El propio cantautor y su E Street Band, integrada por 13 músicos y tres coristas, lo sintió de igual manera y, como un golpe que no deja espacio a dudas, despachó de inmediato dos composiciones de su álbum más reciente, We take care of our own y Wrecking ball, mientras que el primer abrazo pleno y cómplice con el respetable vino con la setentera Badlands, la que incluyó un coro masivo y el correteo del artista por ambas esquinas del escenario. Si la temperatura del Movistar Arena crecía, el ardor en el caso de Springsteen era literal: como los cracks del fútbol que mojan la camiseta desde el pitazo inicial, el hombre de Nueva Jersey ya lucía sudado y empapado, reacción amplificada por las dos pantallas del recinto.
"¡Hola Santiago! Es bueno verte finalmente", regaló en un tropezado español. "La E Street Band ha viajado miles de kilómetros para sólo preguntarles: ¿pueden sentir el espíritu?", lanzó después, mientras leía un papel pegado en el piso, detonando la respuesta inmediata de un público que en promedio superaba largamente los 30 años de edad y que en su gran mayoría llegó movido por la curiosidad de mirar de frente a una leyenda, mientras que los devotos más acérrimos se ubicaron en las primeras filas para desplegar el ritual de los carteles y los pedidos de temas a distancia. La química ya estaba servida.
Un vínculo profundizado pasada las 22 horas, mientras despachaba el quinto tema, Spirit in the night, y cuando se dirigió junto a su saxofonista, Jake Clemons, hacia el espacio que dividía cancha normal del sector preferencial. Ahí, mientras se movía entre los palmotazos ansiosos y los abrazos fugaces, besó a una joven y se lanzó de espaldas sobre el público, trasladándose de vuelta al escenario por sobre un mar de cabezas, en una de las postales más memorables regaladas por una figura foránea en un evento local.
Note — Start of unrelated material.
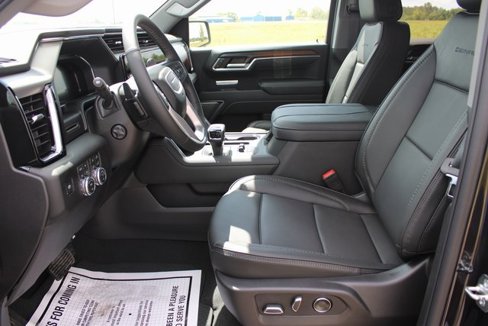 New 2026 GMC Sierra 1500 Denali image 9
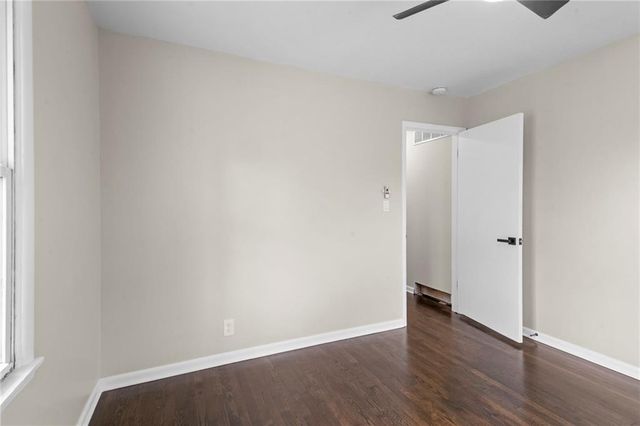 17301 E Cheyenne Drive, Independence, MO 64056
Ya en la segunda mitad, el cantautor se atrevió con Atlantic City, Born in the USA, Born to run, Because the night, The river, Waitin' on a sunny day -que cantó con una chica de la audiencia- y un homenaje a Víctor Jara con Manifiesto, en español, y que provocó el agradecimiento masivo de los presentes. En Dancing in the dark, además, subió a seis asistentes -cinco mujeres y un hombre- y bailó con ellos, los abrazó y hasta a una de ellas le dio una guitarra acústica para que tocara. Pese a los tropezones en la convocatoria, "el Jefe" les había cumplido a todos y con más de tres horas y media de show. Y, ahora sí, caldera, hervidero, polvorín y estallido se podían usar con propiedad en una crónica como ésta.